Prof. Pottier: The potential benefits of this research mainly concern Earth environmental applications. The type of data acquisition from a POLinSAR sensor permits large-scale observations of geo and biophysical properties of natural environment.
Radar images are still difficult to analyse compared to optical images or photography. However, the workshop will provide a forum to present POLinSAR remote sensing techniques that complement classic remote sensing techniques used in previous Earth observation programmes. These include optical, infrared or ultraviolet, spectrometer, scanner, radiometer, spectrometer, thermometer, altimeter, laser and profilometer.
Dr Cloude: This workshop will largely be concerned with the development of new methods for estimating the vertical structure and properties of vegetated surfaces on local and global scales. This in itself is a key ecosystem factor that reflects biomass, growth dynamics and biodiversity. Parameters such as tree height, crown width, canopy density and the underlying ground topography are direct inputs into biomass determination models that enable the modelling of ecological processes, forest inventories and predictive modelling in hydrology.
Further, global forest inventory and forest (above ground) biomass are critical missing parts in the current global debate on climate change. There is a need for a reliable remote-sensing technique to provide such information.
POLinSAR is well suited to tackle this problem since it provides sensitivity to both volume and surface effects. With its 3-D imaging capabilities, it also can provide high-resolution spatial maps of vegetation cover.
What are the implications of this research on environmental management?
Dr Cloude: The conventional approach to biomass estimation with single-channel radar has been based on empirical regression relationships between radar backscatter amplitude and biomass. In general backscatter amplitude increases as biomass increases.
Unfortunately this relationship fails at the so-called saturation point, when further increase in biomass causes no change in the signal level. Importantly, this saturation occurs at levels well below those required for global monitoring. Although the saturation point increases with decreasing radar frequency, the range of biomass levels accessible at commonly used radar frequencies is limited. At C-band for example, the saturation occurs around 20 tons/hectare and even at the much lower frequency of P-band saturation occurs at around 120 tons/ha. It is estimated that approximately 40% of the world’s vegetated surface containing nearly 80% of the above ground biomass are therefore above the saturation level, even of P-band.

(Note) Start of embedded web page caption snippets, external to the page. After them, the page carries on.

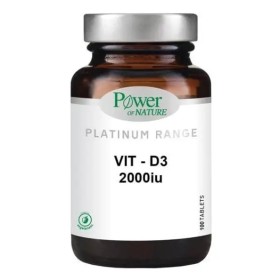 Power Health Platinum Range Vit D3 2000iu 100caps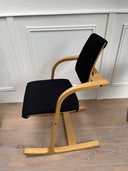 Stokke Actulum design chair by designer Peter Opsvik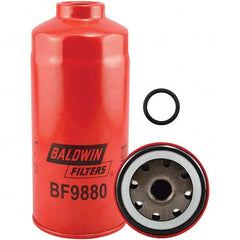 Baldwin Filters - 1 Thread 9-11/16" OAL x 4-11/32" OD Automotive Fuel Filter - Exact Tool & Supply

On the other hand, initial studies of POLinSAR have shown that reliable estimates of biomass up to 250 tons/ha become feasible. If species information is added to this, the saturation point rises to around 400 tons/ha. Even at the lower limit, this would then enable mapping of 70% of the world’s vegetated surface, containing 80% of the total biomass.
For this reason, POLinSAR offers great potential in global biomass applications. It can therefore play a vital role in the development, monitoring and enforcement of environmental management policies.
Prof. Pottier: Polarimetry deals with the full vector nature of polarized electromagnetic waves -- when the wave passes through a medium of changing index of refraction, or when it strikes an object or a scattering surface and it is reflected. Then, characteristic information about the reflectivity, shape and orientation of the reflecting body can be obtained by polarization processing.
There is currently a great deal of growing interest in the use of polarimetry for radar remote sensing and wave polarization. It is of fundamental importance in the information retrieval problem of microwave imaging and inverse scattering.
Radar polarimetry offers considerable improvements over standard, amplitude-only polarization radar, including better and more detailed information about the texture, structure, shape, symmetries and constituent materials of the Earth’s surface. With radar interferometry, the spatial structure of the Earth’s surface can be explored as well.
Combining polarimetric and interferometric SAR techniques (POLinSAR) it is now possible to recover such co-registered textural plus spatial properties simultaneously.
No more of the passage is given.